Dataset records
□ □ □ □

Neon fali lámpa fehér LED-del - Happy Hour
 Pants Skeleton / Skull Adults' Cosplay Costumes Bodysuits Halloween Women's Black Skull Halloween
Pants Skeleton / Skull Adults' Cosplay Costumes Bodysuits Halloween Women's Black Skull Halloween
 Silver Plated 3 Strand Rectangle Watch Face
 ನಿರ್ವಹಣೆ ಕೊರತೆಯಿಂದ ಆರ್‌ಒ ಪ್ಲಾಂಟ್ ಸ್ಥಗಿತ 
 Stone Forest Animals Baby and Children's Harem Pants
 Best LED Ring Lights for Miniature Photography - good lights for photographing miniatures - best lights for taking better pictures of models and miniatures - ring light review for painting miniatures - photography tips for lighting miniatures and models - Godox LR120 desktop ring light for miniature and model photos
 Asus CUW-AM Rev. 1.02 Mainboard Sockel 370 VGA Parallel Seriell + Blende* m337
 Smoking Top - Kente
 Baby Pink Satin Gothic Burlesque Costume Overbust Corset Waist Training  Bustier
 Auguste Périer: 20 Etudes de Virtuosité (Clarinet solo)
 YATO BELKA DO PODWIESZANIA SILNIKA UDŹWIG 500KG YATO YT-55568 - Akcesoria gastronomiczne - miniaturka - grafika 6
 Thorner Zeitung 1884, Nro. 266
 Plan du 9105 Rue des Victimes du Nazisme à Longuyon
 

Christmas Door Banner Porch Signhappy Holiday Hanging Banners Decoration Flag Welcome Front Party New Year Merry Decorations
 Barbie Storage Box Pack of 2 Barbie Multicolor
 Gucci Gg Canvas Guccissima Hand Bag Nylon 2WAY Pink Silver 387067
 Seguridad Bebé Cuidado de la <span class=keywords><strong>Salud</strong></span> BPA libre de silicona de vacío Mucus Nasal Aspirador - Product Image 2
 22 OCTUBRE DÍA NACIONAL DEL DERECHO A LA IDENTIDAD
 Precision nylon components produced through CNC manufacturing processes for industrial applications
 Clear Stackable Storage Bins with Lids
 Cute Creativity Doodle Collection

□ □ □ □

Write the data out again, verbatim.

Neon fali lámpa fehér LED-del - Happy Hour
 Pants Skeleton / Skull Adults' Cosplay Costumes Bodysuits Halloween Women's Black Skull Halloween
Pants Skeleton / Skull Adults' Cosplay Costumes Bodysuits Halloween Women's Black Skull Halloween
 Silver Plated 3 Strand Rectangle Watch Face
 ನಿರ್ವಹಣೆ ಕೊರತೆಯಿಂದ ಆರ್‌ಒ ಪ್ಲಾಂಟ್ ಸ್ಥಗಿತ 
 Stone Forest Animals Baby and Children's Harem Pants
 Best LED Ring Lights for Miniature Photography - good lights for photographing miniatures - best lights for taking better pictures of models and miniatures - ring light review for painting miniatures - photography tips for lighting miniatures and models - Godox LR120 desktop ring light for miniature and model photos
 Asus CUW-AM Rev. 1.02 Mainboard Sockel 370 VGA Parallel Seriell + Blende* m337
 Smoking Top - Kente
 Baby Pink Satin Gothic Burlesque Costume Overbust Corset Waist Training  Bustier
 Auguste Périer: 20 Etudes de Virtuosité (Clarinet solo)
 YATO BELKA DO PODWIESZANIA SILNIKA UDŹWIG 500KG YATO YT-55568 - Akcesoria gastronomiczne - miniaturka - grafika 6
 Thorner Zeitung 1884, Nro. 266
 Plan du 9105 Rue des Victimes du Nazisme à Longuyon
 

Christmas Door Banner Porch Signhappy Holiday Hanging Banners Decoration Flag Welcome Front Party New Year Merry Decorations
 Barbie Storage Box Pack of 2 Barbie Multicolor
 Gucci Gg Canvas Guccissima Hand Bag Nylon 2WAY Pink Silver 387067
 Seguridad Bebé Cuidado de la <span class=keywords><strong>Salud</strong></span> BPA libre de silicona de vacío Mucus Nasal Aspirador - Product Image 2
 22 OCTUBRE DÍA NACIONAL DEL DERECHO A LA IDENTIDAD
 Precision nylon components produced through CNC manufacturing processes for industrial applications
 Clear Stackable Storage Bins with Lids
 Cute Creativity Doodle Collection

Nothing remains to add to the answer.